We recorded EBITDA of EUR31.8 million in the quarter compared to EUR23.5 million in the fourth quarter of 2009 and US dollar equivalents this is about EUR44 million of EBITDA in the current quarter, compared to about $33 million in Q4. The most significant contributor to the increase in EBITDA was the improvement in pulp pricing and the weaker Euro and was partially offset by the impact of higher fiber prices in Europe.
We also completed a plant maintenance shut at Stendal during the quarter. The shut itself lasted 10 days and positions the mill well to run full for two months before its next maintenance shut. If I can switch to cash flow for a moment, overall our cash position is marginally lower that at yearend. Outflows included EUR16 million to the seasonal increases in working capital, EUR6 million of high return capital spending and EUR23 million of interest and debt payments.

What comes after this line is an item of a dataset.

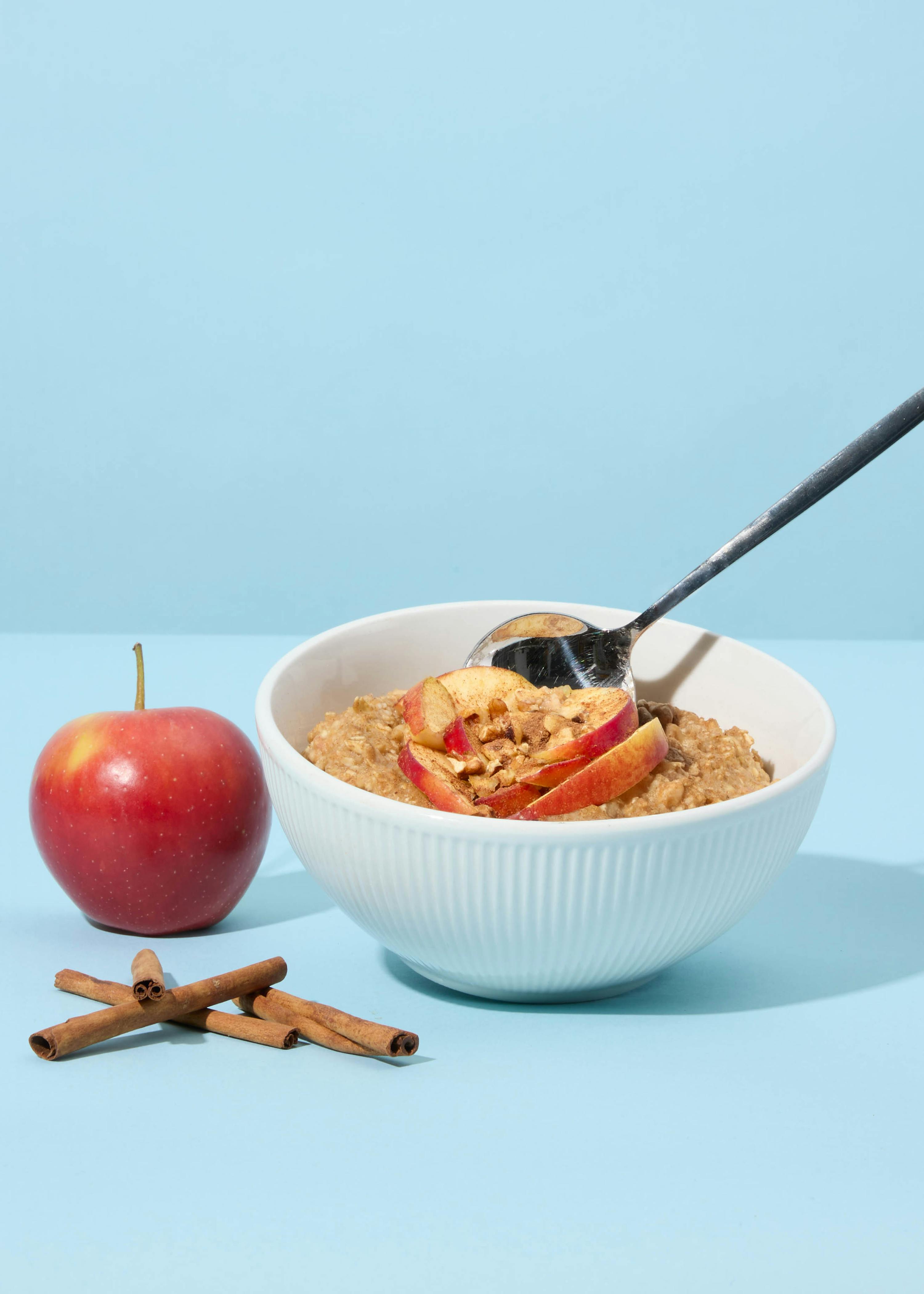 una ciotola di avena con mele e cannella accanto a una mela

These outflows were offset by EUR32 million from EBITDA and about EUR9 million of cash and flow from the Canadian government’s Green Transformation program to fund Celgar’s Green Energy Project. We have EUR29 million of un-drawn revolvers available at Rosenthal and EUR10 million at Celgar. We currently have cash of about EUR49 million which is comprises of partially EUR26 million for the restricted group and EUR23 million at Stendal.
As you know in January we completed a second exchange of almost all of the remaining 2010 convertible notes for the new notes with identical terms of those issued in the December exchange. After this second transaction we now have only $2.3 million of the old 2010 notes remaining. This latest exchange gave rise to a EUR9,000 loss which will be reversed through interest expense in 2010 and 11 as the debt is accreted down to a face value.

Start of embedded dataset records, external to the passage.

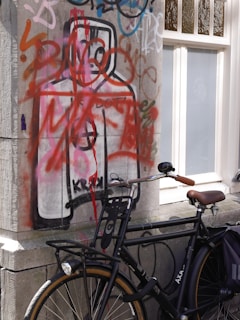 A wall covered with graffiti displaying a large, stylized figure in bold outlines and predominantly red accents. A black bicycle with a brown seat is parked against the graffiti-covered wall. The bike features a front light and a rear rack. The scene is set next to a window with white framing, casting shadows on the graffiti.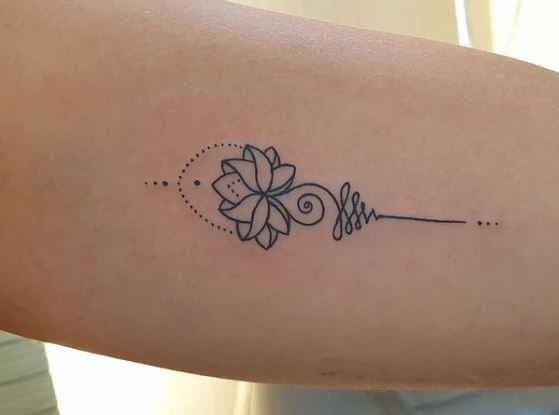 Minimalistic Lotus Flower Arm Tattoo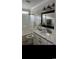 Bathroom featuring a white vanity with granite countertop and a shower-tub combo at 161 Penn Circle, Galivants Ferry, SC 29544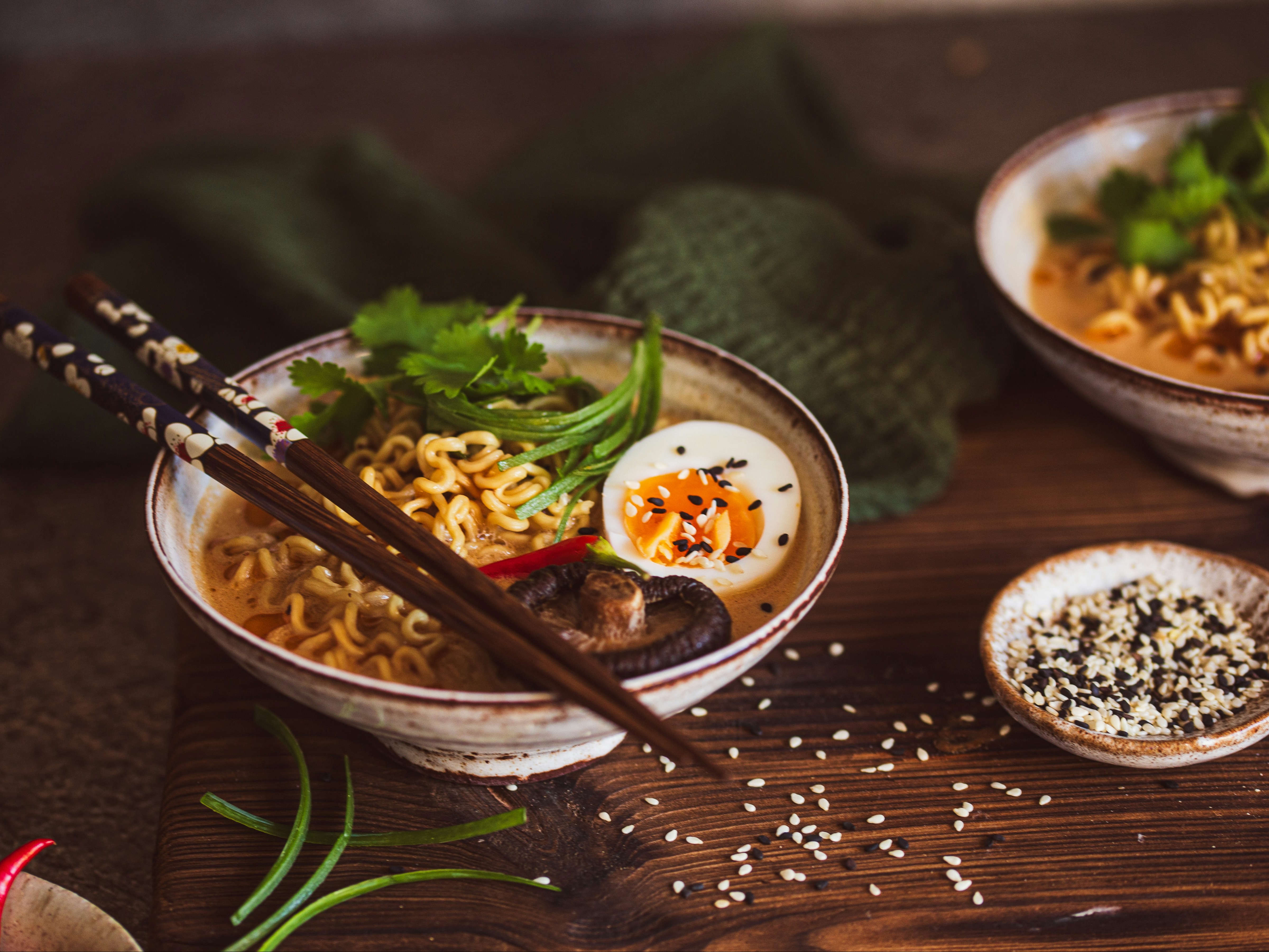 A bowl of ramen with toppings and chopsticks resting on top.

The refinancing of our old convertible notes was an important step in improving evaluation of all of our securities. Considering a lag effect of pulp price increases achieved throughout the first quarter and for April and May, we’re expecting improved financial performance in the quarters to come. So with that quick overview of the financials let me turn the call over to Jimmy to talk about our operational market and strategic developments.
Thanks David. Good morning everyone. As David mentioned, after pretty difficult year 2009, 2010 has started well for us. We were generally pleased with the progress in the quarter particularly in light of tightening fiber markets and our scheduled maintenance shut at Stendal and I remain satisfied with the rate of construction at our Celgar Green Energy Project.